Article préparé par Eva-Rosa Ferrand Verdejo
La première édition du Festival « Le documentaire engagé dans les Amériques » a officiellement débuté hier soir avec la projection du documentaire Le Grain et l’Ivraie du cinéaste argentin Fernando Solanas. Pour l’occasion, nous avons eu le grand honneur d’accueillir Paul-Henri Giraud, Secrétaire Général de l’Institut des Amériques, Julie Amiot Guillouet, professeure à l’Université de Cergy Pontoise et spécialiste en cinéma hispanique, Cathie Allier, représentante du Collectif Climat d’Aubervilliers et Vincent Bidaux, représentant du mouvement Nous voulons des coquelicots. Marianne Bloch Robin (Sorbonne Université) et Angélique Saverino (Institut des Amériques), organisatrices du festival, ont expliqué le choix de la thématique et présenté la programmation des jours à venir. La discussion avec Julie Amiot Guillouet, Cathie Allier et Vincent Bidaux suite à la projection du film a été animée par trois des doctorantes membres du Jury du festival : Alice Langlois, Pascale El Dib et Maud Cazaux.
Nous tenons à remercier chacun de nos invités pour son implication dans cette première soirée, ainsi que notre public, que nous invitons à nous rejoindre ce soir pour la projection de La Fin des Terres, de Loïc Darses !
Un film engagé qui propose également une réflexion sur le cinéma
Julie Amiot Guillouet a ouvert la discussion qui a suivi la projection du film en le situant dans la filmographie de son réalisateur et en soulignant certains aspects importants d’un film dont la thématique est au cœur des préoccupations actuelles et dont la valeur cinématographique est considérable.

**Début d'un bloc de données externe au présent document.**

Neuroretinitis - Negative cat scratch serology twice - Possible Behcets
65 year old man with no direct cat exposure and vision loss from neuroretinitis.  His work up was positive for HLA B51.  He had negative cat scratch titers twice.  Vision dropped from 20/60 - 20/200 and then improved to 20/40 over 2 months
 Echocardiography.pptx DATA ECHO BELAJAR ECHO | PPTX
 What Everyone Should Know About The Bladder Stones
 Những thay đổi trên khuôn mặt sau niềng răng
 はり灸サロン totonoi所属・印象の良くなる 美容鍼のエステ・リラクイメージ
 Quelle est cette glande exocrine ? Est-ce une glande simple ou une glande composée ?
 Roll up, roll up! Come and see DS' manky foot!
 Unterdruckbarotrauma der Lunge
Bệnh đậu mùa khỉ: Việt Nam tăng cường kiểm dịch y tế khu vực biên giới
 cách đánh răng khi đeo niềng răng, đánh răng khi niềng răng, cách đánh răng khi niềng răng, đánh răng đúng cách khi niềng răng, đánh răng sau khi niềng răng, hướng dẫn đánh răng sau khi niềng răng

Ainsi, Viaje a los pueblos fumigados (Le Grain et l’Ivraie) est le dix-huitième long métrage de Fernando Solanas, l’une des figures phares du cinéma documentaire engagé. Le documentaire s’inscrit dans la dernière étape de la filmographie de Solanas : auteur de quatre documentaires militants tournés avant la dictature argentine – en particulier le film-fleuve mythique La hora de los hornos (1968), il poursuit une production de film de fictions en exil, puis en Argentine, et revient au documentaire dans les années 2000, dans un pays en proie à la crise économique et aux inégalités sociales, avec un cinéma engagé qui ouvre le dialogue sur le démantèlement de l’économie argentine et des liens sociaux.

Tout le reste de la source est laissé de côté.